К 1912 году Маре давно уже умер, но Франц фон Штук, ученик Беклина и в недалеком прошлом учитель Кандинского и Клее, продолжал как бы издалека направлять художественную жизнь Мюнхена. Он по-прежнему выставлял в «Сецессионе» аллегорические и мифологические картины, принесшие ему славу на рубеже веков, и его консерватизм, хотя и будучи уже мишенью яростных атак авангарда, сохранял влияние на мюнхенских художников; и в «Сецессионе», и в «умеренных» художественных журналах вроде «Die Kunst» его авторитет был неоспорим.
Само слово «сецессион»2 говорит об ином, по сравнению с Парижем, характере определяющих для истории модернизма институциональных конфликтов в Австрии и Германии. Если в Париже ключевым для них был механизм отказа, отклонения, то в Мюнхене, Берлине и Вене — механизм раскола.

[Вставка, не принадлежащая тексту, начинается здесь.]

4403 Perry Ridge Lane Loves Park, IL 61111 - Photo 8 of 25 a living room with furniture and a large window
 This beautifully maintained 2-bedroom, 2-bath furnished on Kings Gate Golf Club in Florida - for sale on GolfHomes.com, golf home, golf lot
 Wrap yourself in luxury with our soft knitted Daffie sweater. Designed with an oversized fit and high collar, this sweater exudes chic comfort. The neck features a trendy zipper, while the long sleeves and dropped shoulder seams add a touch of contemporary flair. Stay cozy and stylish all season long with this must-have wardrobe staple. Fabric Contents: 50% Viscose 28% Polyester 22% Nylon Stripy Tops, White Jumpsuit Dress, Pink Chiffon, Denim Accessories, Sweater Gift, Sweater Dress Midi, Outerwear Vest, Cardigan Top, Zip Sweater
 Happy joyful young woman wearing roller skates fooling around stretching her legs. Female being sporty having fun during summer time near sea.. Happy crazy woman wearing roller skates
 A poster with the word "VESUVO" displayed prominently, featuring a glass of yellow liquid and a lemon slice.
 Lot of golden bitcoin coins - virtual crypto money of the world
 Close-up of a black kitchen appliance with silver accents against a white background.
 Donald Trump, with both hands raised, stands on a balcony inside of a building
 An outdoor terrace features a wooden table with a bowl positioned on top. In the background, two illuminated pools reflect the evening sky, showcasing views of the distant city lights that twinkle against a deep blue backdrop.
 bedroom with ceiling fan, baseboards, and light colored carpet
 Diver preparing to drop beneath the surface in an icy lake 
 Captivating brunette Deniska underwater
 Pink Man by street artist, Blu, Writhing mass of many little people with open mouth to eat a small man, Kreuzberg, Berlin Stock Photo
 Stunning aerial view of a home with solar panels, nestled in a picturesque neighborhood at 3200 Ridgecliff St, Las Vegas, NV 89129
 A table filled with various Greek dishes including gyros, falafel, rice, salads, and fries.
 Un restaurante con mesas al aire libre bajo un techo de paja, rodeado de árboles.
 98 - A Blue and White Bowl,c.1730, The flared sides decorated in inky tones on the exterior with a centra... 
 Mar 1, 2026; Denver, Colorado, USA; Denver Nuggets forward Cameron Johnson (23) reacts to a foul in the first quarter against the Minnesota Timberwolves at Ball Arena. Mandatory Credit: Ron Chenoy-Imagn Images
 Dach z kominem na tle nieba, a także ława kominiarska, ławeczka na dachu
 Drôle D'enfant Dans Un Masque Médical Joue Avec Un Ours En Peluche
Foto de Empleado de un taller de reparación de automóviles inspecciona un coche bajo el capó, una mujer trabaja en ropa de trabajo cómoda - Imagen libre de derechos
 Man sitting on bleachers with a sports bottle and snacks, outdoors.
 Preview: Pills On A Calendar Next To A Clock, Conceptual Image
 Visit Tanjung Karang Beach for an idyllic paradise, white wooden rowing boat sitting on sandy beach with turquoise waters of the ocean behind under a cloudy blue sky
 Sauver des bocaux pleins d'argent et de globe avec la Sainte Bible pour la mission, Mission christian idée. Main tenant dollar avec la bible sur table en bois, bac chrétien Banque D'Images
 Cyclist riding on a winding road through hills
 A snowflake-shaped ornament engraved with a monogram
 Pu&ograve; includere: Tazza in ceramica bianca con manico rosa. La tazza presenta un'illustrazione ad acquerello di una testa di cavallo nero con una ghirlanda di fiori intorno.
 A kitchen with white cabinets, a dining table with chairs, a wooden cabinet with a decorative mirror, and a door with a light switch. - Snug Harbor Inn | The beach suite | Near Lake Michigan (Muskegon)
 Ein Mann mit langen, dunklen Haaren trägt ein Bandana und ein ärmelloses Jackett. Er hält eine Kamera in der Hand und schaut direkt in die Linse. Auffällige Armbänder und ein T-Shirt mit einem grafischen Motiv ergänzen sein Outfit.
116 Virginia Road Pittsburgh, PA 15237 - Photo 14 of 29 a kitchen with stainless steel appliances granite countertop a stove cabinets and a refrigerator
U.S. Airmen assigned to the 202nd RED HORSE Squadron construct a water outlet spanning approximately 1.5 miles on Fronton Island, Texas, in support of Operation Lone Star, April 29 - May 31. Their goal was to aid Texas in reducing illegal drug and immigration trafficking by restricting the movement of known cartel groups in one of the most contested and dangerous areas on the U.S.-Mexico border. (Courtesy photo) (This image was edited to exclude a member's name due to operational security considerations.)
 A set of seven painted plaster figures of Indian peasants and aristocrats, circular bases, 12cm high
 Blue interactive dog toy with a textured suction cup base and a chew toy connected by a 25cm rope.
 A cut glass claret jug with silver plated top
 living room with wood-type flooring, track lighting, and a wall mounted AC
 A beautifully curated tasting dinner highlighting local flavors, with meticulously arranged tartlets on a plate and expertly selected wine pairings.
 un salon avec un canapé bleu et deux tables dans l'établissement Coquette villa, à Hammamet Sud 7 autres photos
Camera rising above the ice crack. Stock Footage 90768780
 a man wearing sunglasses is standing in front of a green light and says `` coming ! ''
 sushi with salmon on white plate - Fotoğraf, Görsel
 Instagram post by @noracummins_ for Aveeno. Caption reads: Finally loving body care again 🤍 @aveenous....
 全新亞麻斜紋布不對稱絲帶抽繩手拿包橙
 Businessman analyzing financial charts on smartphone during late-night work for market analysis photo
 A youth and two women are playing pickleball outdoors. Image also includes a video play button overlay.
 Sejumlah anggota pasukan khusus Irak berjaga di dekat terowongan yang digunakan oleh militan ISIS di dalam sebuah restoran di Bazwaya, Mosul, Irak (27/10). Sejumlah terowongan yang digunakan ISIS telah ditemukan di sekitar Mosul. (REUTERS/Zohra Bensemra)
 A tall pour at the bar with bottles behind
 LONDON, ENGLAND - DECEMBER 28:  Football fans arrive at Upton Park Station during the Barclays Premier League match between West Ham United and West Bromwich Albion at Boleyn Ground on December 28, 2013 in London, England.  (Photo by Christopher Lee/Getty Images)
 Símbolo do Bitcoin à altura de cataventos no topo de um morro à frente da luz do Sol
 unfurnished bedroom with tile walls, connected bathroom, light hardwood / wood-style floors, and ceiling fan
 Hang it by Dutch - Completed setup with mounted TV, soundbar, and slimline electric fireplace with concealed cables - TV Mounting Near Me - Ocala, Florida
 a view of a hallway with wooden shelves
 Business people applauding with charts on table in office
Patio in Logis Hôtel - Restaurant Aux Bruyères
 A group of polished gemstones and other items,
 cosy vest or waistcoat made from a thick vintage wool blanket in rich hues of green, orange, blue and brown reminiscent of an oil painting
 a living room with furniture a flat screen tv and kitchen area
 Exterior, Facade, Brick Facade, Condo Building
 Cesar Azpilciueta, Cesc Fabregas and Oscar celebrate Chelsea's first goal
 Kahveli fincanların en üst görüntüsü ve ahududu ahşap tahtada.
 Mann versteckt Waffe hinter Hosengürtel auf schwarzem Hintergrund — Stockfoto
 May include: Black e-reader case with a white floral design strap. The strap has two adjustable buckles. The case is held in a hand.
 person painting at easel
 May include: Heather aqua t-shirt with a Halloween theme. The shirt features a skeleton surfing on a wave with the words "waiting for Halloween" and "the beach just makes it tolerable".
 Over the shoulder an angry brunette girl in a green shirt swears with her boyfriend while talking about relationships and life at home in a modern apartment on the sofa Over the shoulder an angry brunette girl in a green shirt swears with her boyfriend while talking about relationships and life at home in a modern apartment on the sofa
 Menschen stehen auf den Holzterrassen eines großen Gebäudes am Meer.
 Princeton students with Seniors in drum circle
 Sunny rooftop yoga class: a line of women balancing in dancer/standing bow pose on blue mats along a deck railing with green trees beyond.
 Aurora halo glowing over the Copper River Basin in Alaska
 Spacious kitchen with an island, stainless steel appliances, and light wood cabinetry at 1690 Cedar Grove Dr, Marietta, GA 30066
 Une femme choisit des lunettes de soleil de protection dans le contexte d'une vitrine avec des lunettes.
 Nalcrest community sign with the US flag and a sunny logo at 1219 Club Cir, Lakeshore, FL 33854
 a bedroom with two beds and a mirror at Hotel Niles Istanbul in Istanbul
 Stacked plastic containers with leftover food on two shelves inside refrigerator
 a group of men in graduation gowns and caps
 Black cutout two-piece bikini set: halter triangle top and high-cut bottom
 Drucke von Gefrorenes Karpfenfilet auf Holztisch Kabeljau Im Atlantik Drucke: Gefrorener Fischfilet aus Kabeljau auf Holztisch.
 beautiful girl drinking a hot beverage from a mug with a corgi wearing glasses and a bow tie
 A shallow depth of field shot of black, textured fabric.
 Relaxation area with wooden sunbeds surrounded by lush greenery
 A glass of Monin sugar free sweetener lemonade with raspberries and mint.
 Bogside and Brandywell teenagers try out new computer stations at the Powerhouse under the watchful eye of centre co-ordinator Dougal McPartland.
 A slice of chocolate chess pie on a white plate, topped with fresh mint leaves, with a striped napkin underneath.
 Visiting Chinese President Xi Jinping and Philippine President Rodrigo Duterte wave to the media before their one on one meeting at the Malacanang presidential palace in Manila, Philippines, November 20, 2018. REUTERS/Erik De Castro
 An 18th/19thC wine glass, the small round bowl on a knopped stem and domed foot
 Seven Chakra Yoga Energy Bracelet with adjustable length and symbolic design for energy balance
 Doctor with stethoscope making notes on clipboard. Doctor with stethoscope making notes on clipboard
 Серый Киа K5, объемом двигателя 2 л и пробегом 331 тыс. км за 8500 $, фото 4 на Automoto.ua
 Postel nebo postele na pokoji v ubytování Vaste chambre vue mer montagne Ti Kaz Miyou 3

После Салона Отверженных, который и в этом смысле имеет парадигматический статус, конфликты авангарда и академизма в Париже направлялись сверху откровенно политическим образом, в основе которого лежал жест исключения, исходящий со стороны официальных властей — Академии или Французского общества художников. Поэтому авангард регулярно оказывался перед необходимостью сплочения в виду отказа, мишенью которого он становился, сплочения изгнанных (временно) вовне. Напротив, в Вене, Мюнхене и Берлине инициатива, судя по всему, столь же регулярно исходила от самих художников, которые, чувствуя себя, с одной стороны, передовыми, а с другой — занимающими неоправданно низкое положение в художественных институтах, переходили в наступление и устраивали раскол. Авангард здесь определялся изнутри художественного института, посредством выхода из него3.